Beijing’s primary school registration is handled neighborhood by neighborhood according to the priority rank of parents’ household registration [known as ‘hukou’ in Chinese] and their social security status.

For example, my wife and I were ranked No. 6, as we rented in the neighborhood, and I worked in the neighborhood. Our status was only one level higher than some mobile populations who don’t own property there, such as barbers and vegetable vendors.

In previous years, during the planned economy era, employees of the Academy of Sciences enjoyed benefits for their children’s education. At that time, the nationally-renowned elementary schools in Zhongguancun [a famous technology hub in Beijing] used to be affiliated with the Academy, and children of employees of the Academy attended these schools.

However, with the increase of home prices in good school districts, these affiliated schools were assigned to the District Board of Education. There was no longer any relationship with the Academy of Sciences, and the government instead assigned some poor schools in other areas to be affiliated with the Academy.

I can still somehow endure this change.
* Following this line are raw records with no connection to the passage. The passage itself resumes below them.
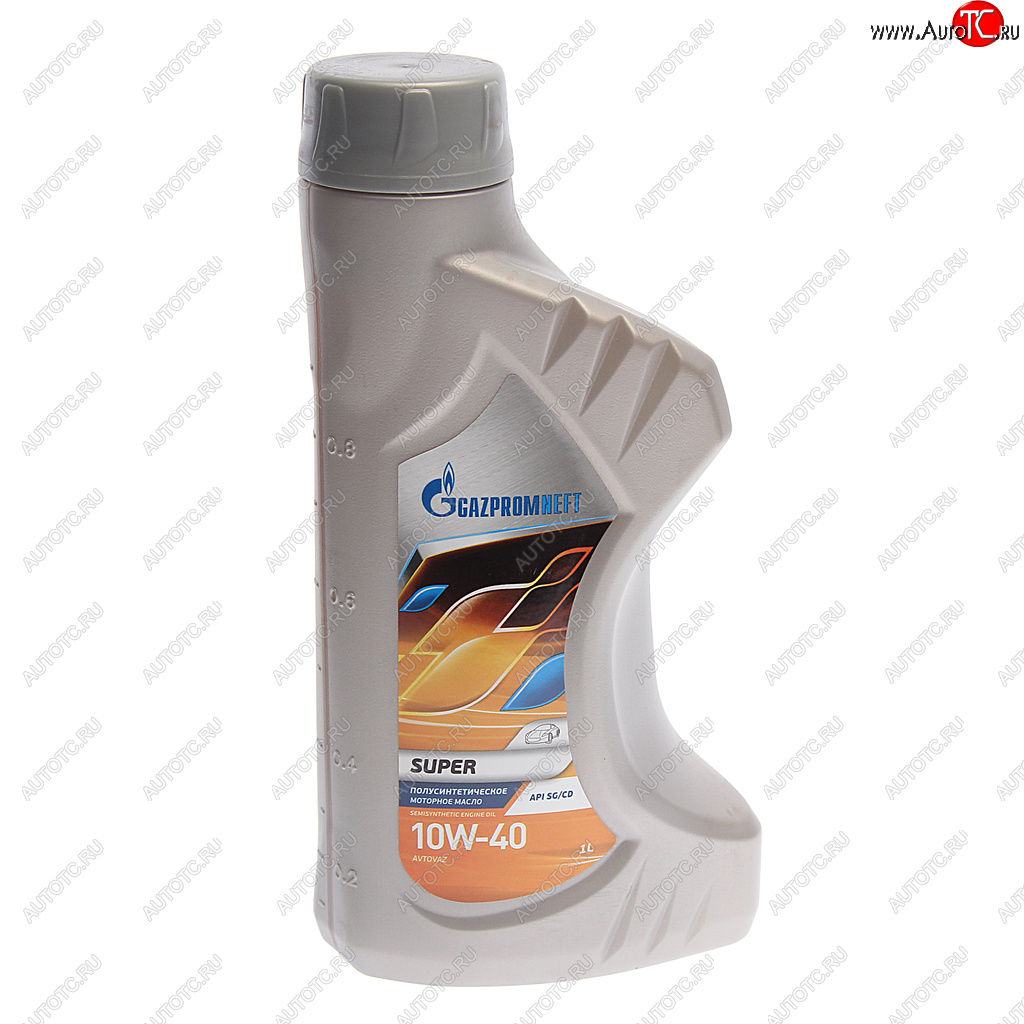 339 р. Масло моторное SUPER SGCD 10W40 псинт.1л GAZPROMNEFT GAZPROMNEFT 0253142141  с доставкой в г. Пермь
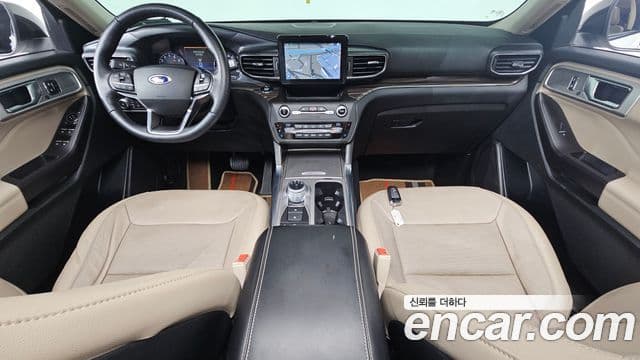 Ford Explorer 6세대 2.3 Limited 4WD, 2020 1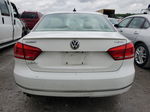 2013 Volkswagen Passat Sel White vin: 1VWCN7A37DC134960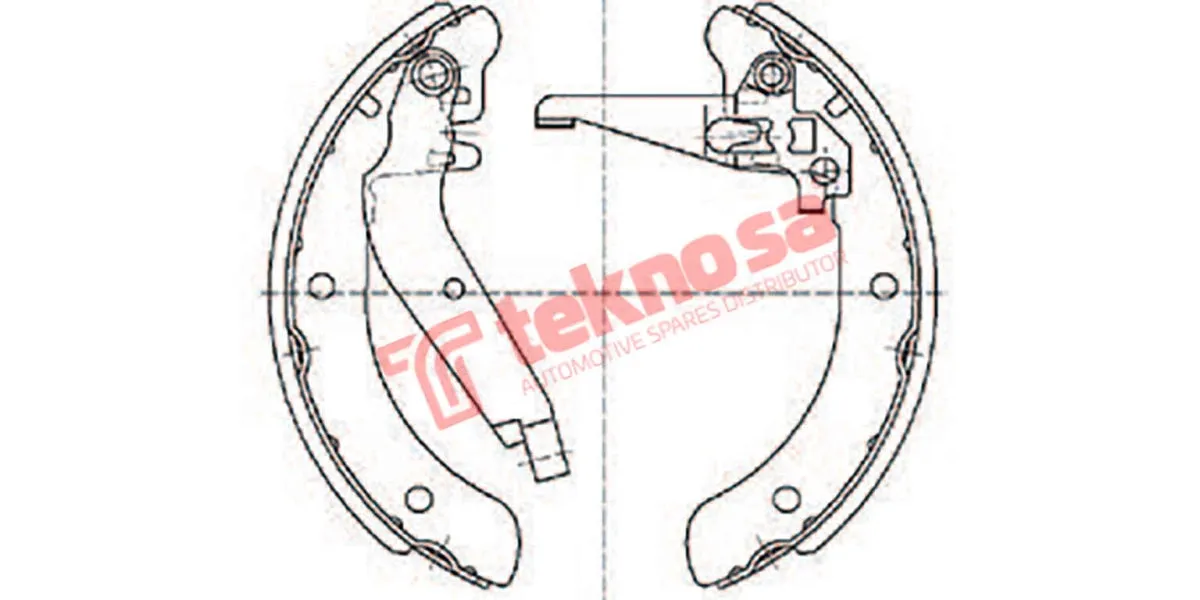 Brake Shoes Toyota Corolla 1988 2002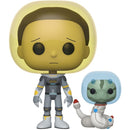 Pop! Rick and Morty: Space Suit Morty with Snake [690] (used)
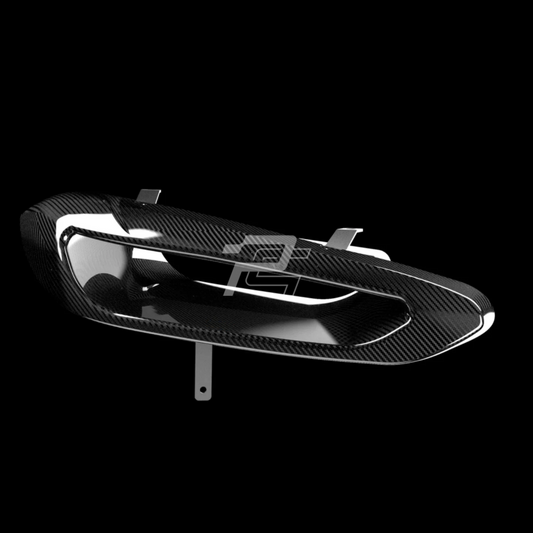 Dry Carbon Fiber Headlight Delete Intake Air Duct - BMW M3 G80/G81 & M4 G82/G83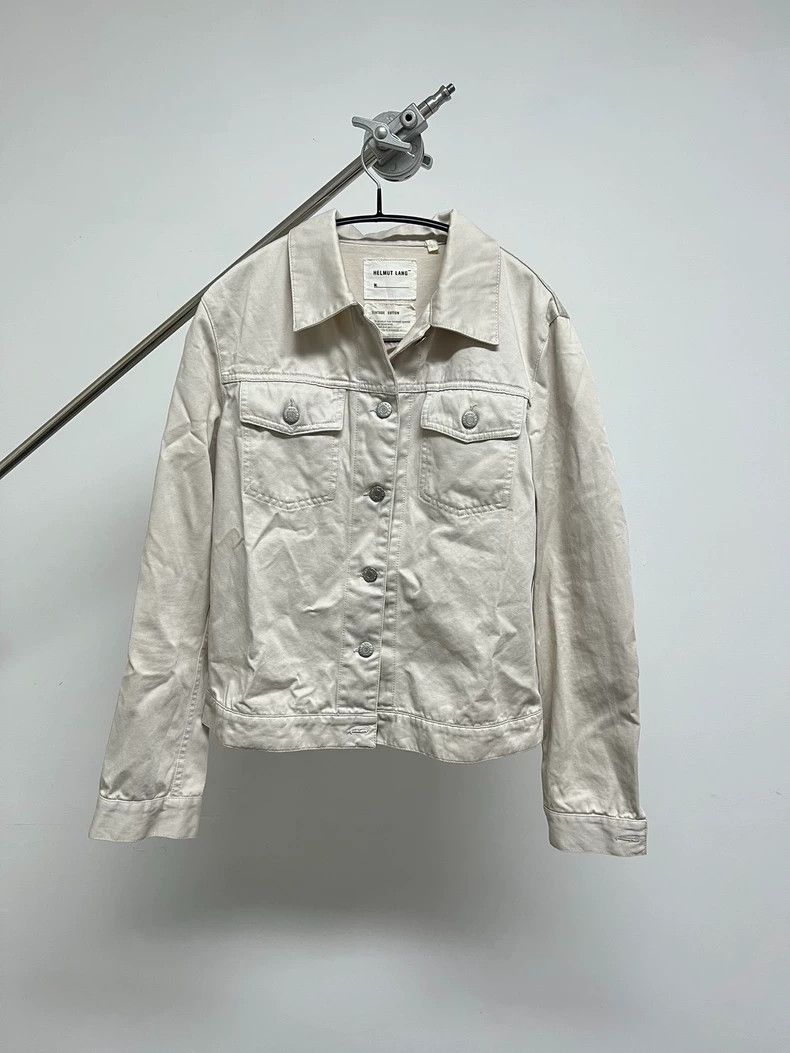 Helmut Lang HELMUT LANG size42 White cowboy clothes Size US M / EU 48-50 / 2 - 1 Thumbnail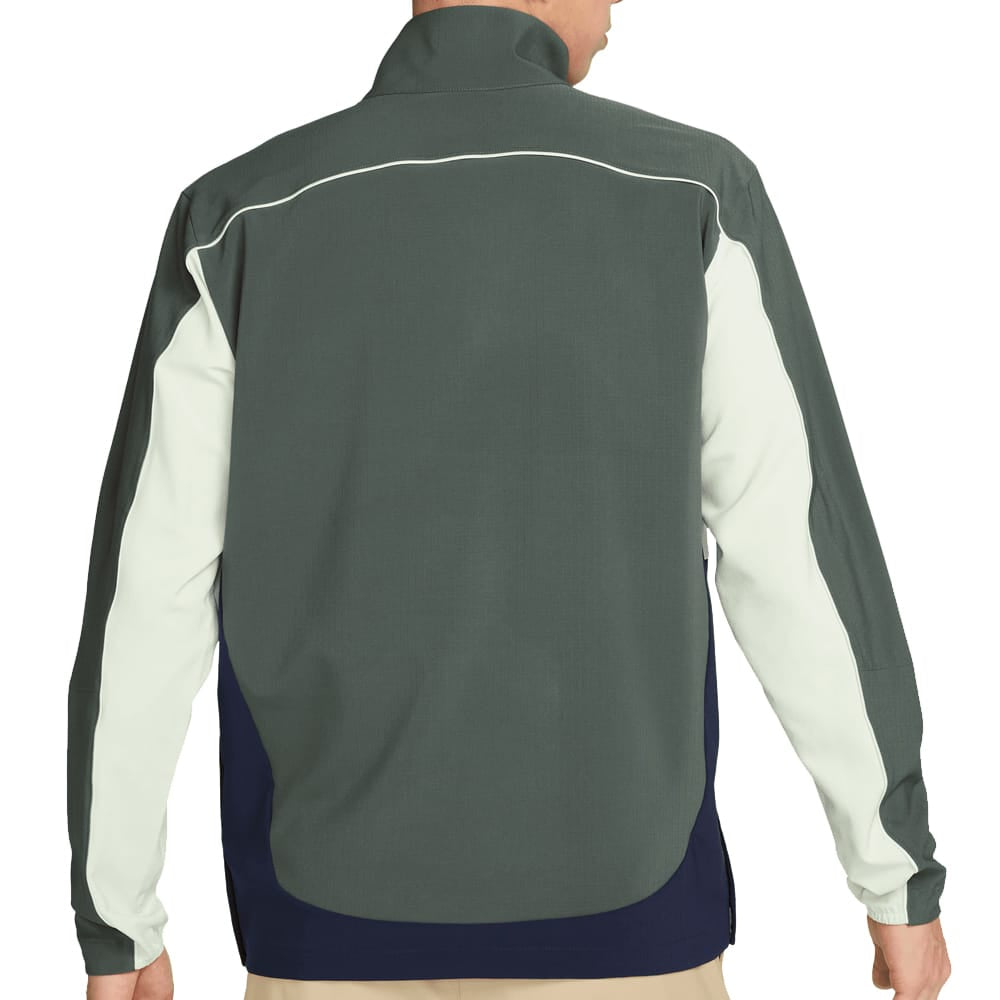 Nike Repel Golf Jacket - Camo Green/College Navy/Black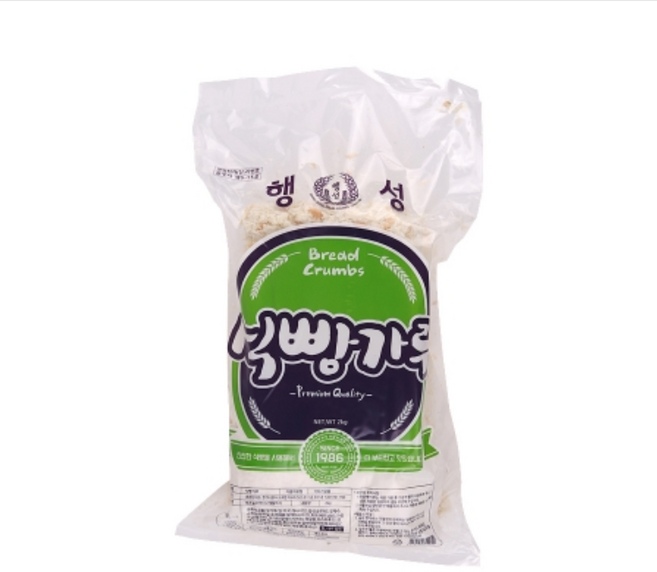 행성 일식빵가루 2kg, 4개
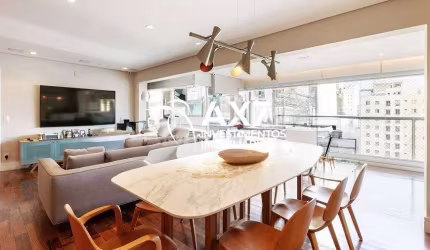 Apartamento com 3 quartos à venda na Rua Gaivota, 979, Moema, São Paulo por R$ 5.600.000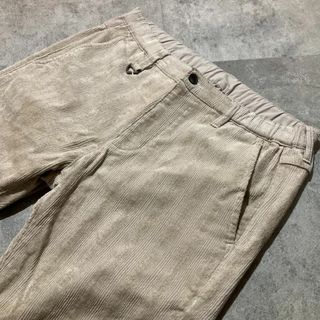 ニコル(NICOLE)の【NICOLE】ニコル コーデュロイパンツ ベージュ サイズ44 ストレッチ(スラックス)
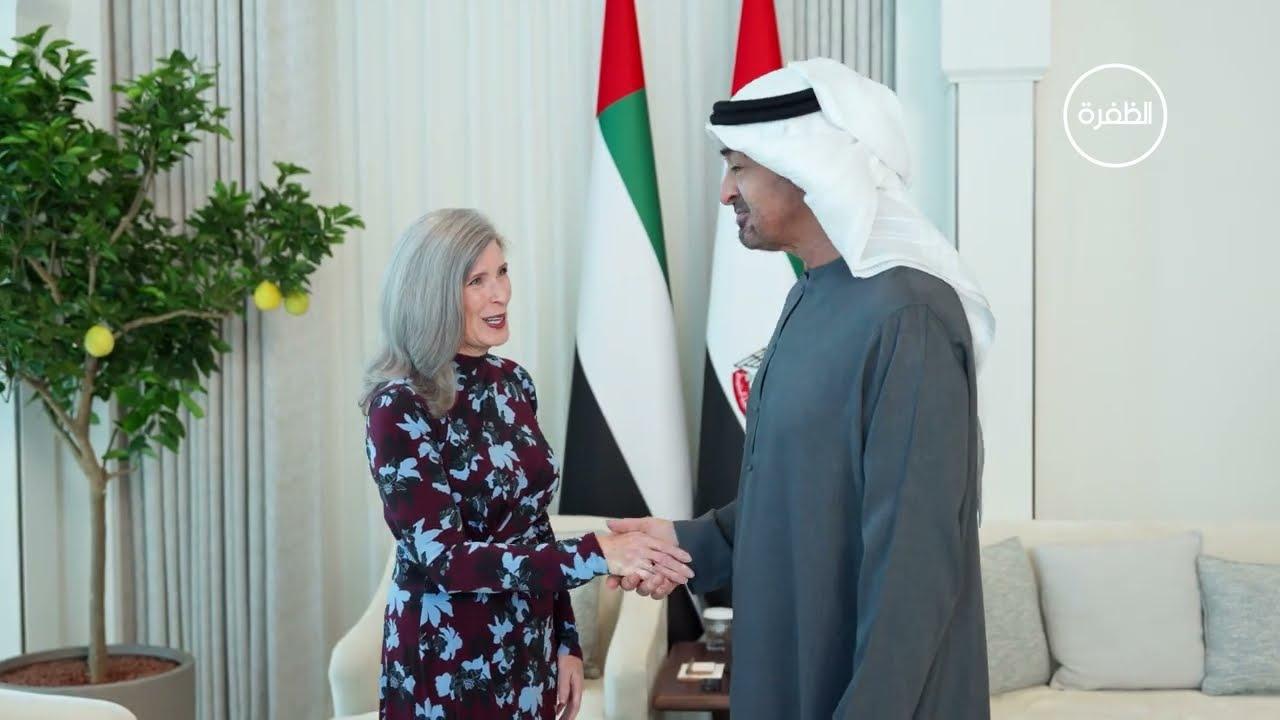 رئيس الدولة يستقبل السيناتور جوني إيرنست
After all, the local school and the Academy both promised that children of employees of the Academy could attend these schools. But the reality was different: not all children of Academy employees were guaranteed attendance in these schools because first priority went to the children living in that neighborhood. No one was able to tell me what would happen to the left-over children. I did not want to wait for the final answer, and decided to leave.

I also asked myself whether it was right to give up a job at the country’s top research academy and leave Beijing for an imaginary “good school district.” In my father’s words, I destroyed my own future.

Actually, even if my child were to attend one of the designated good schools, there is no guarantee that he would do well. What completely disappointed me are the following facts. Looking back at my own life, I took the path of attending good schools all the way to the Chinese Academy of Sciences. I had the Beijing hukou registration. But I am not even able to provide my child with the resources given to me by my father who lived in a small town all his life.

I have a doctoral degree and an overseas education. I have been at the top of the science field, at a cutting-edge scientific research level. I thought I was an important person because I had presented research work in English at international academic conferences that drew interest by my international peers. However, when I stepped down from the podium, I still had to face the landlord who took two-thirds of my monthly salary, and with inflation that my salary couldn’t catch up with. My employers were now telling me to join the raffle for my child’s education, and that children of employees who didn’t own houses would be the last on the school admission waiting list.

In school I was told not to worship money, and that knowledge is wealth. When I did research I was told not to be impetuous, learn to sit on the cold bench. When I started working, I was told to calm down and focus on research, instead of worrying about money. I followed all of their advice. But reality taught me the lesson that knowledge does not equal wealth, and it can’t be used even for a down payment on a mortgage. Sitting on the cold bench publishing influential papers doesn’t get you a promotion, which is the prerequisite for my child’s school enrollment. Private schools of the Science Academy cost 60,000 yuan  ($8,709) a year. Those with official connections or access to huge wealth will be able to take care of themselves.